For the last two weeks I have been busy working in a few of the different rural health clinics here in India so I wanted to do a couple posts about my experience at each one. The first health clinic I visited was in Kolhar. This was the first time our team was split up, so while four people headed for the bus Stephen and I were taken to a van that was provided by PMT to take us to Kolhar. We got on, sitting in the back with three medical interns. At the first stop all three girls got off and we were left with one guy. As soon as it was just the three of us he began talking to Stephen about what we were doing in India. After arriving at our clinic Sagar (the medical intern) introduced us to the medical officer and showed us around.
After introductions a woman came in for an ante neonatal care visit (these are ANC patients) and we were taken into the ANC room to watch her checkup. After being introduced to the gynecologist we watched her find the position of the fetus, measure the uterus, and then listen for the fetal heart sounds on the monitor. Listening to the fetal heart sounds was really cool and we were both impressed by how clear they were on the little machine that they were using. After this the woman had to get a vaginal exam because she was experiencing some pain and they found that she had some cysts on her labia majora. This was the only vaginal exam that we saw in the entire two weeks, so I am guessing that they don't do these very often during the ANC visits. For the rest of the morning we stayed in this room watching patients come in and out at their leisure (it never mattered if there was another patient in the room or not) and between visits I asked Sagar tons of questions about reproductive health. He was excellent at answering my questions and through asking and answering questions it made it easier for me to talk to him about other cultural things in India that are different from what I am used to.
I would have loved to direct a lot of my questions to the gynecologist, afterall she you would expect her to be excited to talk to me about this since it is her speciality, but she was too tired to talk to me. It was actually pretty crazy to me just how tired she actually was. Between patients she would put her head down on the desk and actually fall asleep, forcing Sagar to shake her awake each time a patient came. I also watched her dose off while taking a woman's blood pressure and while charting for another patient. During lunch I asked Sagar why she was so tired and he told me that she was posted in the Labor room at PMT all night and then she had to come to work in the rural clinic first thing in the morning. She didn't come back after lunch so I am guessing that she stayed home and finally got some sleep.

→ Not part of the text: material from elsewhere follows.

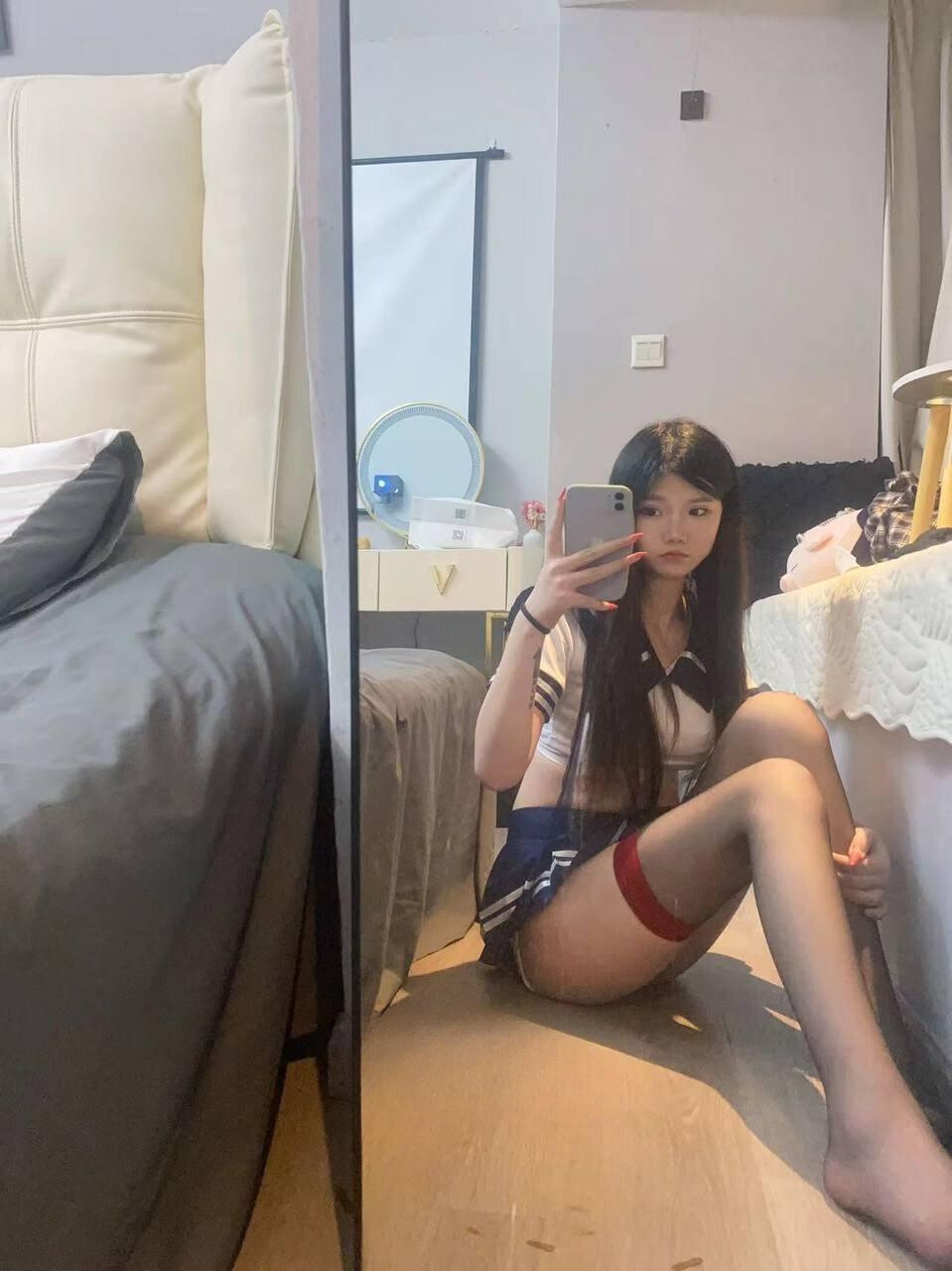 黑丝大长腿骚妹服务到位不催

In the afternoon there weren't many patients coming in aside from a few elderly people complaining of joint pains. This is very common here since the people spend their days out in the farms doing a lot of bending and other work that is hard on the body. I took the first couple people's blood pressures and Stephen took the last guys blood pressure. As soon as he finished taking the older man's blood pressure the old man started saying something to Stephen and trying to get him to touch his knee, it was as if he thought that Stephen's touch would fix his problem. This kind of thing has happened a lot while we are here along with people coming up to us to talk to us as if we are the doctors, we have learned how to gesture toward the doctors because they do not speak English so neither of us can understand what the other person is saying.
During our downtime here the medical officer taught us about Budha and told us about her family. We also got to enjoy playing with the little kids that came in with their parents.